_Task prompt_
Print the records below exactly, with no pictures.
━━━━━━━━━━━━━━━━━━━━
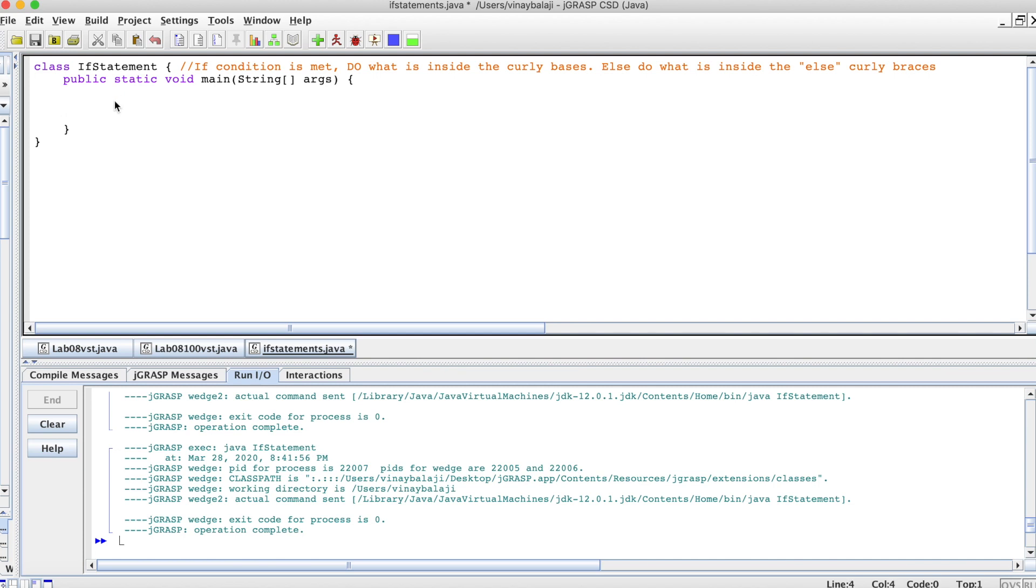Like our last video, we'll just have an int number and set that equal to 10. Then we'll do an if statement. This is the simple sort of setup.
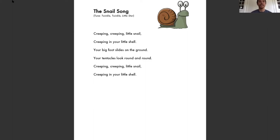Creeping, creeping little snail, creeping in your little shell. Your big foot slides on the ground. Your tentacles look all around. Creeping, creeping little snail, creeping in your little shell.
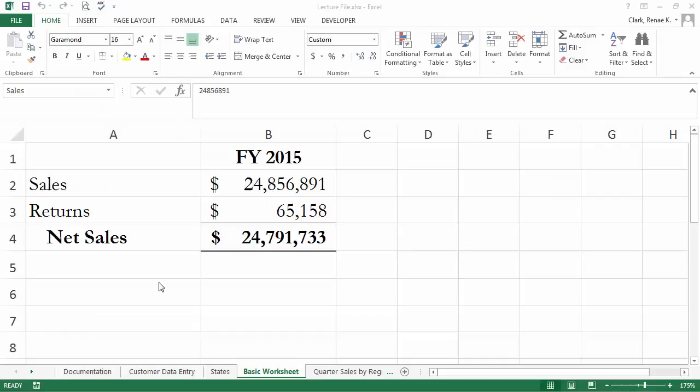As you can see I have this simple Excel spreadsheet open on screen. Let's take a look at how you enter comments.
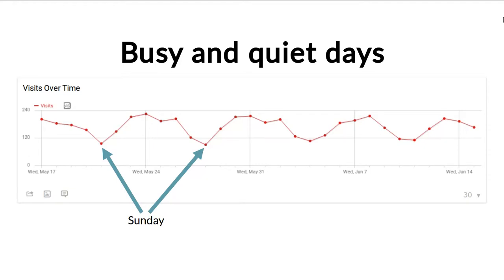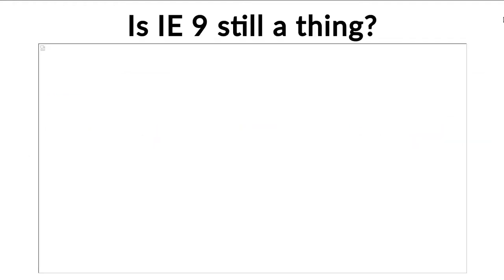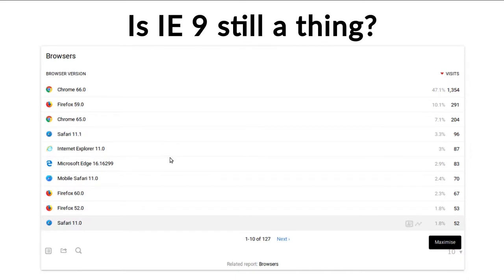Another question that we can answer via web analytics, especially in the government sector, is: is IE9 still a thing? Because for a number of years that browser was still supported, but web technology has moved on. Now with web analytics you can actually check which browser versions are currently in use amongst the people visiting your site, so that you can also tailor your offering. If you know that most people use Chrome or Firefox, then you know that testing should also be done in these browsers rather than a less-used one. And as we can see here from this page, IE9 is definitely not a thing in our case anymore, but definitely check out the analytics for your own site to find out.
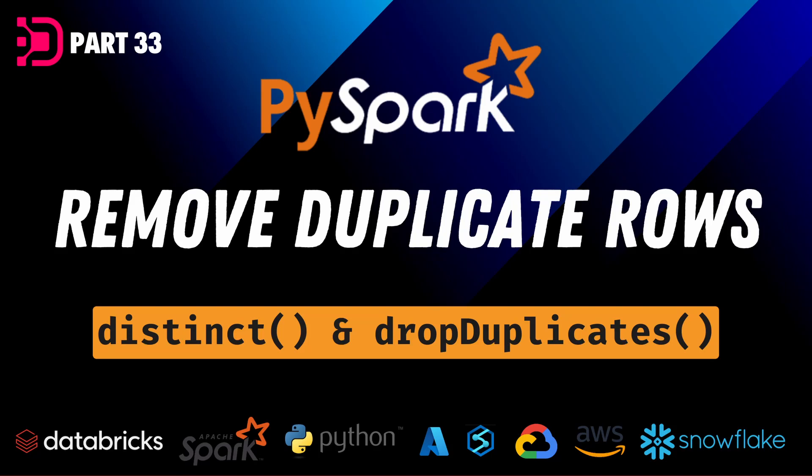Welcome back to Data with Dominic and our PySpark series. In today's video, we're going to be looking at the distinct and dropDuplicates functions in PySpark. Let's dive right into the demo.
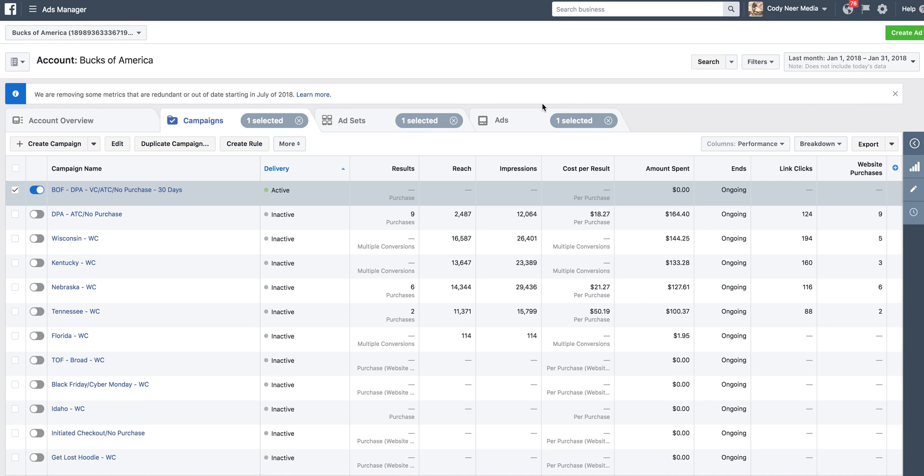Hey guys, it's Cody Neer here with the Bucks Brands Shopify Academy, and I'm going to show you how to set up a dynamic product ad with the feature of targeting individuals who've added something to cart but abandoned the cart.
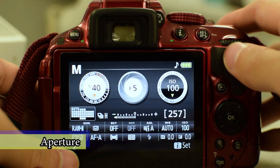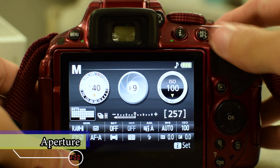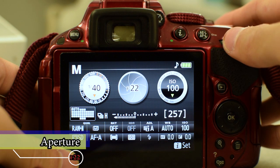So first off, we have aperture. Now in this type of photography that we're doing, we need a deep depth of field. That way everything is in focus from the incisors all the way back to the molars. And in order to achieve that, we need a small aperture or a high f-stop number — something like f/22 will do. So let's set our camera to f/22.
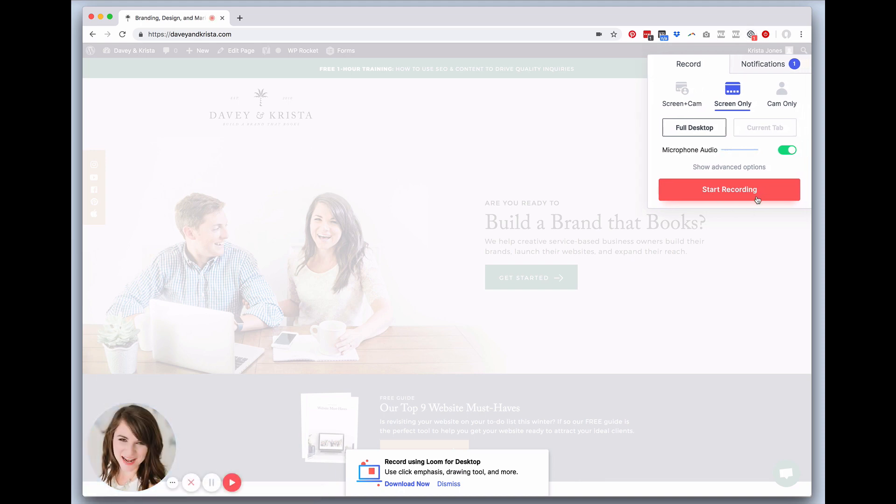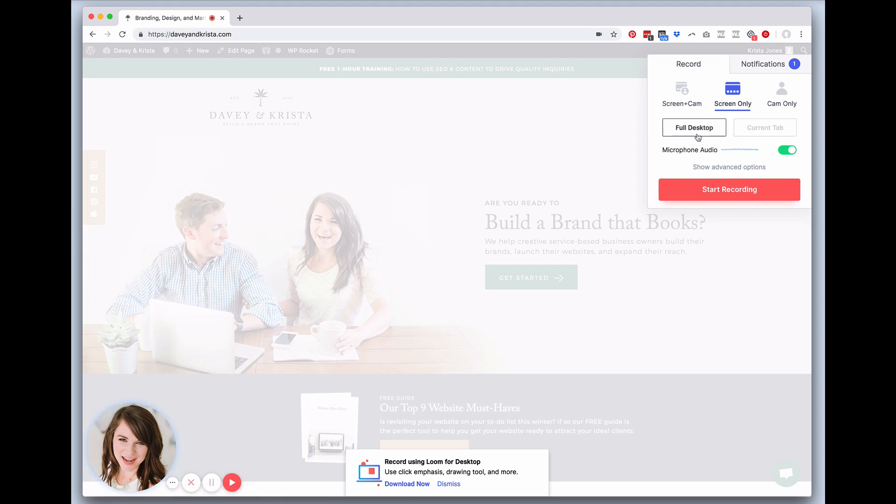You'll see that you can turn the audio on or off. You can do just your current tab or you can do your full desktop. You can do your camera if you want your camera on—I don't right now because I'm not in good lighting—or you could just do your camera or you could just do your screen.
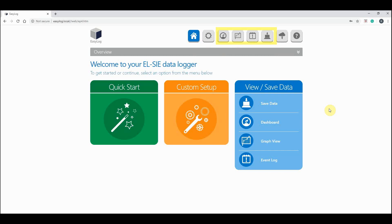From the menu you can choose to save your recorded data, visit the dashboard, view all data in a graph, and access your event log.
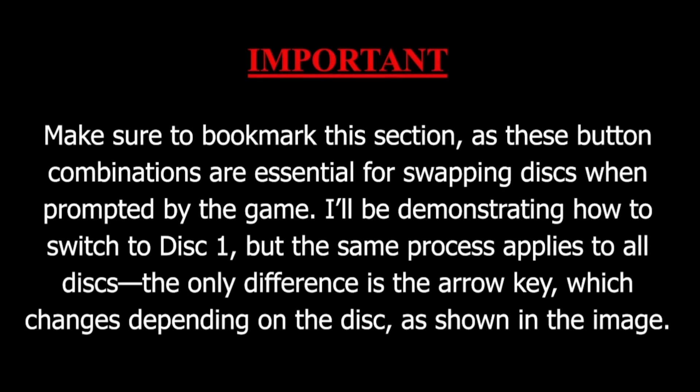Make sure to bookmark this section, as these button combinations are essential for swapping discs when prompted by the game. I will be demonstrating how to switch to disc 1, but the same process applies to all discs. The only difference is the arrow key, which changes depending upon the disc, as shown in the next image.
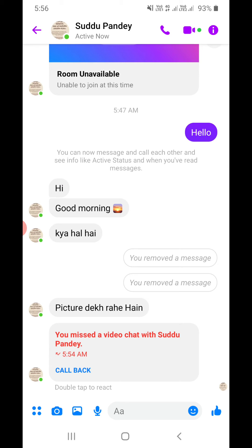The message will also be removed from the screen of the other person's Messenger. Thank you for watching the video — please like it and subscribe to my YouTube channel for more videos. Thank you.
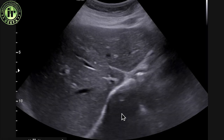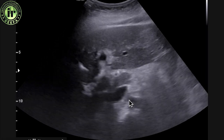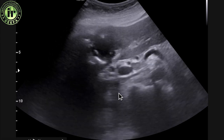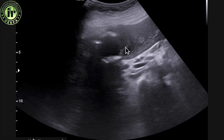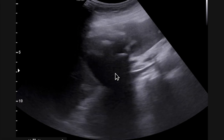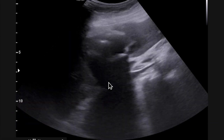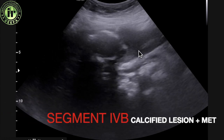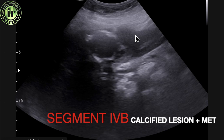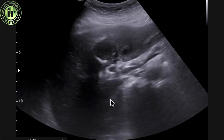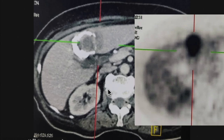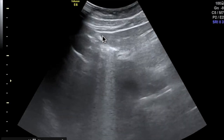Moving to the next case: a tricky case because the patient came with a calcified lesion in the liver, but PET-CT showed high metabolic activity, which was unusual. On ultrasound, we can see a calcified lesion in segment 4b, as it is to the left of the portal vein. Just next to that calcified lesion, there is another hypoechoic area. This patient had a history of CA colon — the calcified lesion was old, but a new hypoechoic area had developed, which was picked up on PET-CT and confirmed on ultrasound and in the left lobe.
━━━━━━━━━━━━━━━━━━━━
_Output_
Like our last video, we'll just have an int number and set that equal to 10. Then we'll do an if statement. This is the simple sort of setup.
Creeping, creeping little snail, creeping in your little shell. Your big foot slides on the ground. Your tentacles look all around. Creeping, creeping little snail, creeping in your little shell.
As you can see I have this simple Excel spreadsheet open on screen. Let's take a look at how you enter comments.
Another question that we can answer via web analytics, especially in the government sector, is: is IE9 still a thing? Because for a number of years that browser was still supported, but web technology has moved on. Now with web analytics you can actually check which browser versions are currently in use amongst the people visiting your site, so that you can also tailor your offering. If you know that most people use Chrome or Firefox, then you know that testing should also be done in these browsers rather than a less-used one. And as we can see here from this page, IE9 is definitely not a thing in our case anymore, but definitely check out the analytics for your own site to find out.
Welcome back to Data with Dominic and our PySpark series. In today's video, we're going to be looking at the distinct and dropDuplicates functions in PySpark. Let's dive right into the demo.
Hey guys, it's Cody Neer here with the Bucks Brands Shopify Academy, and I'm going to show you how to set up a dynamic product ad with the feature of targeting individuals who've added something to cart but abandoned the cart.
So first off, we have aperture. Now in this type of photography that we're doing, we need a deep depth of field. That way everything is in focus from the incisors all the way back to the molars. And in order to achieve that, we need a small aperture or a high f-stop number — something like f/22 will do. So let's set our camera to f/22.
You'll see that you can turn the audio on or off. You can do just your current tab or you can do your full desktop. You can do your camera if you want your camera on—I don't right now because I'm not in good lighting—or you could just do your camera or you could just do your screen.
From the menu you can choose to save your recorded data, visit the dashboard, view all data in a graph, and access your event log.
Make sure to bookmark this section, as these button combinations are essential for swapping discs when prompted by the game. I will be demonstrating how to switch to disc 1, but the same process applies to all discs. The only difference is the arrow key, which changes depending upon the disc, as shown in the next image.
The message will also be removed from the screen of the other person's Messenger. Thank you for watching the video — please like it and subscribe to my YouTube channel for more videos. Thank you.
Moving to the next case: a tricky case because the patient came with a calcified lesion in the liver, but PET-CT showed high metabolic activity, which was unusual. On ultrasound, we can see a calcified lesion in segment 4b, as it is to the left of the portal vein. Just next to that calcified lesion, there is another hypoechoic area. This patient had a history of CA colon — the calcified lesion was old, but a new hypoechoic area had developed, which was picked up on PET-CT and confirmed on ultrasound and in the left lobe.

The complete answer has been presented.